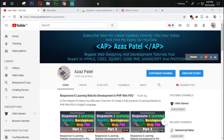Hey everyone, my name is Ajaj Patel and you are watching Ajaj Patel Official YouTube Channel. Welcome to part 9 of responsive e-learning website development in PHP with video. In the last tutorial we successfully created the category page and added categories dynamically from the database. In this tutorial we are going to work on the subcategory section — we will create a subcategory and add it dynamically.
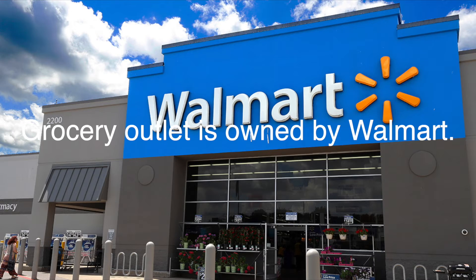Grocery Outlet is owned by Walmart. Tupac never shopped at Walmart. Do you see where I'm headed? Great.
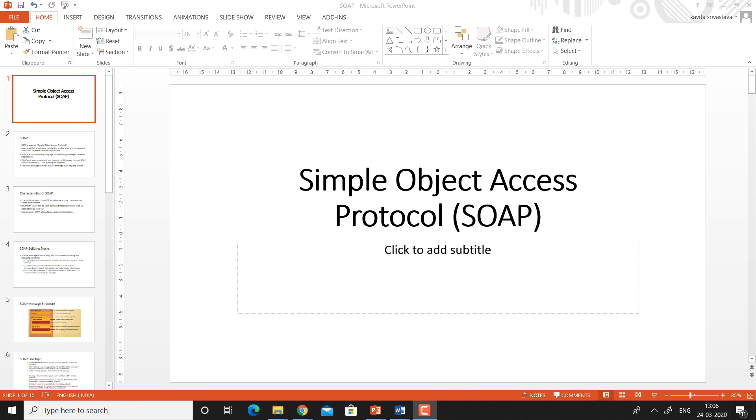Good morning students. In this video lecture we will discuss Simple Object Access Protocol, or SOAP.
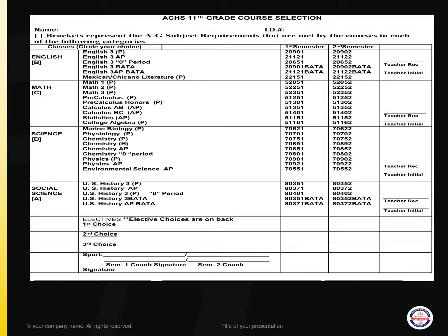For the Social Science category, the options are U.S. History 3 College Prep, U.S. History AP, U.S. History 3 Zero Period, and U.S. History BADA or U.S. History AP BADA for students enrolled in the Business Academy.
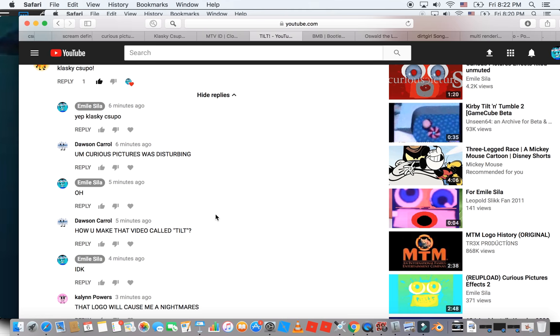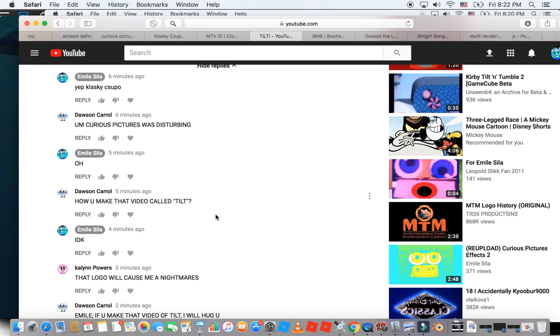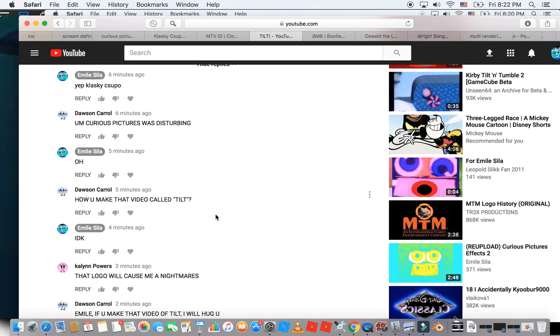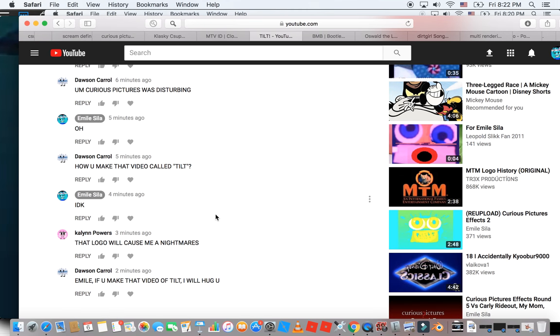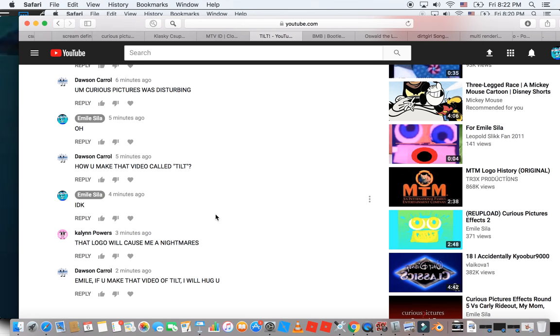Oh. What? How did you make the video called Tilt? I decay. That logo will cause me a lightning.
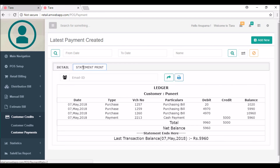After clicking on statement print you can see the ledger. The purchasing bills and cash payment are listed, the purchases are shown and the balances are updated accordingly. After the cash payment of 5000 rupees, the remaining net balance is 5960 rupees. You can see the last transaction date and the amount still owed is 5960 rupees. This is how customer credits work — you can print the ledger and send it by email to the customer. That's it for today — thank you for watching and have a good day.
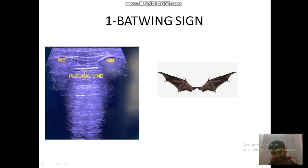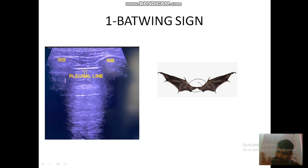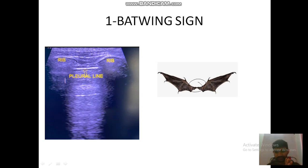The combination of the two ribs and the parietal pleura forms the batwing sign. Why do we call it a batwing? Because the hyperechoic white lines formed by the ribs pertain to the wings of a bat, and the pleural line pertains to the body of a bat. So we call it the batwing sign. This indicates a normal lung. Remember, whenever you study a sign, you need to know where you see it, which probe is used, and what conditions are used.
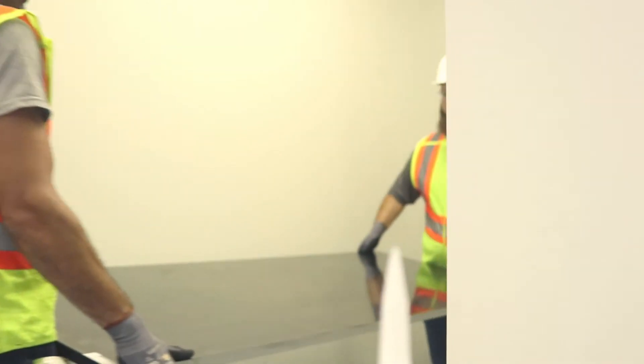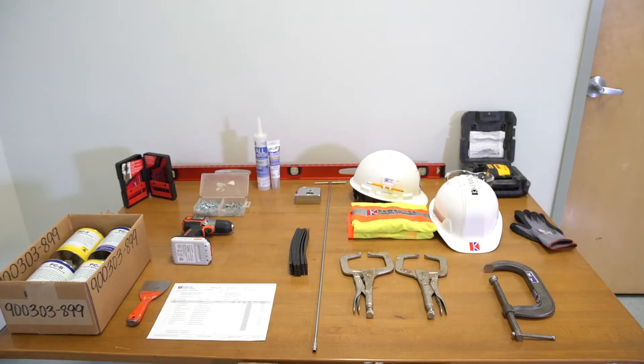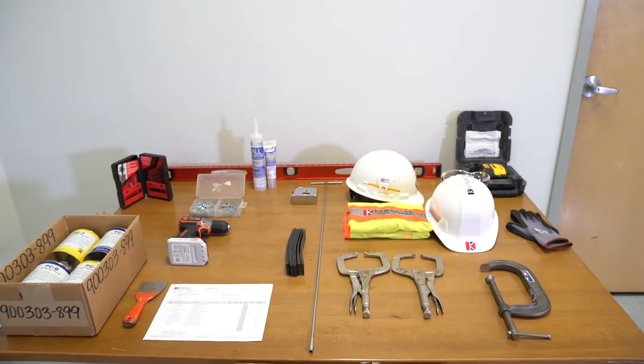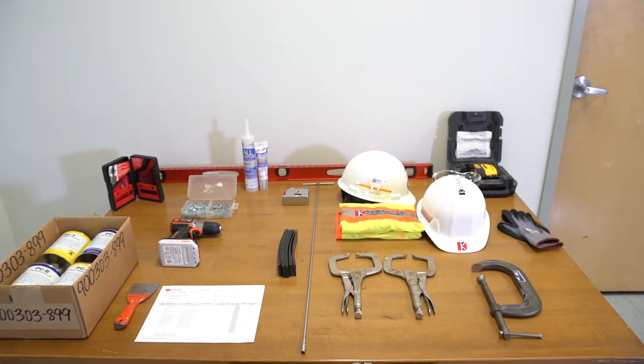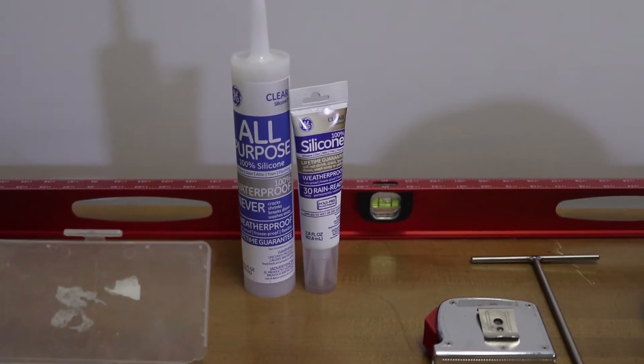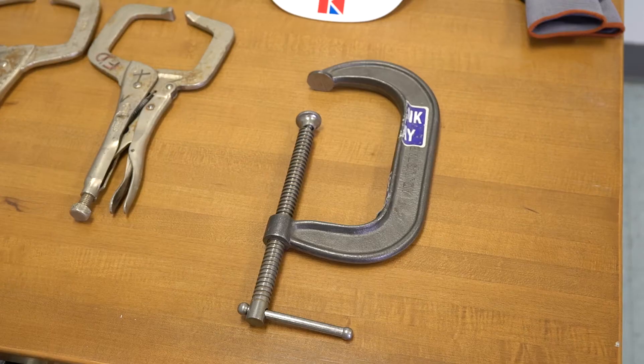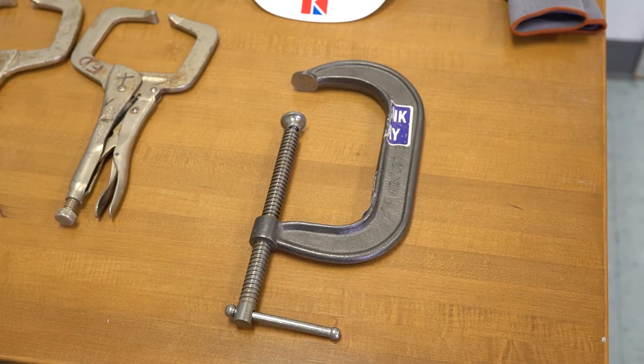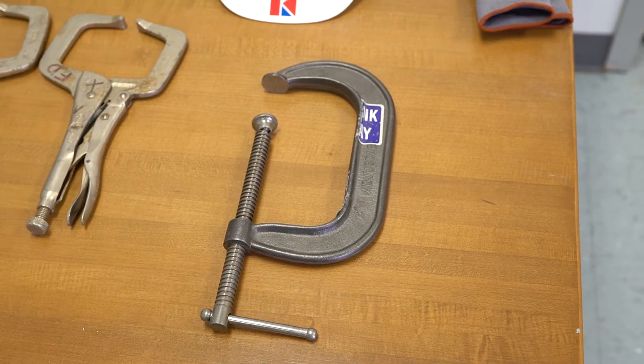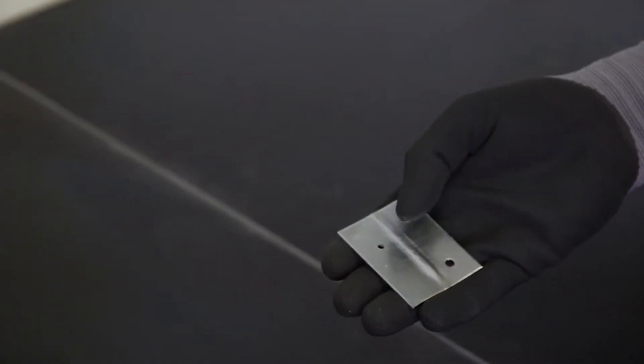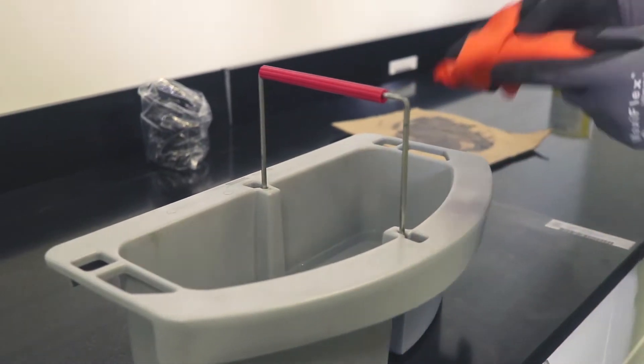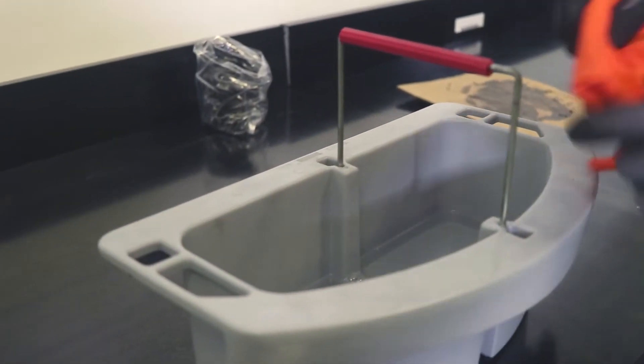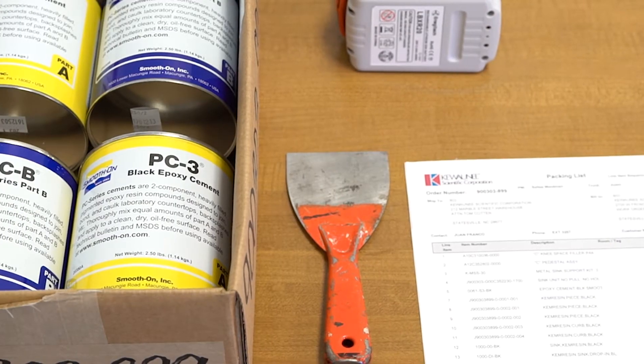To install Chem Resin, you will need the following tools and hardware. We recommend a carpenter's level, leveling shims, a minimum of 2 C-clamps, 1/16th inch thick spacers, 2 buckets with water and cloths, and putty knives.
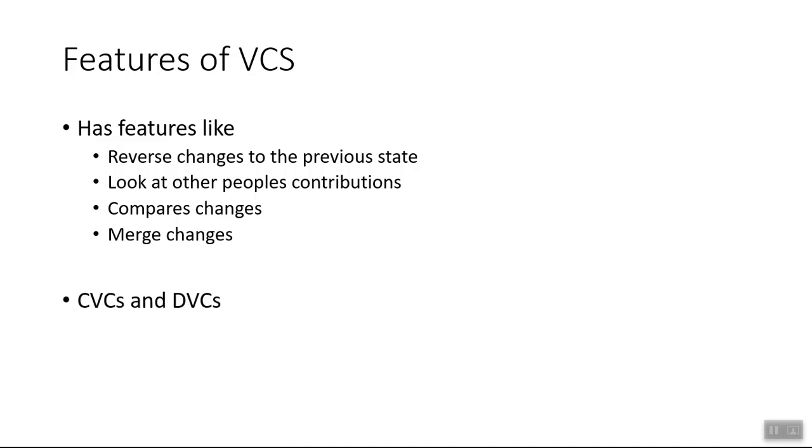Basically, there are two kinds of version control system. Centralized one and distributed. There is also third one. We will look at all of these in the next video.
■ ■ ■ ■ ■ ■ ■
AIM OF THE EXERCISE -
Please write out only the material above, exactly, from its first line through the line that contains "After clicking on", and include no pictures.

SOLUTION TO THIS PROBLEM -
Hey everyone, my name is Ajaj Patel and you are watching Ajaj Patel Official YouTube Channel. Welcome to part 9 of responsive e-learning website development in PHP with video. In the last tutorial we successfully created the category page and added categories dynamically from the database. In this tutorial we are going to work on the subcategory section — we will create a subcategory and add it dynamically.
Grocery Outlet is owned by Walmart. Tupac never shopped at Walmart. Do you see where I'm headed? Great.
Good morning students. In this video lecture we will discuss Simple Object Access Protocol, or SOAP.
For the Social Science category, the options are U.S. History 3 College Prep, U.S. History AP, U.S. History 3 Zero Period, and U.S. History BADA or U.S. History AP BADA for students enrolled in the Business Academy.
Oh. What? How did you make the video called Tilt? I decay. That logo will cause me a lightning.
After clicking on statement print you can see the ledger. The purchasing bills and cash payment are listed, the purchases are shown and the balances are updated accordingly. After the cash payment of 5000 rupees, the remaining net balance is 5960 rupees. You can see the last transaction date and the amount still owed is 5960 rupees. This is how customer credits work — you can print the ledger and send it by email to the customer. That's it for today — thank you for watching and have a good day.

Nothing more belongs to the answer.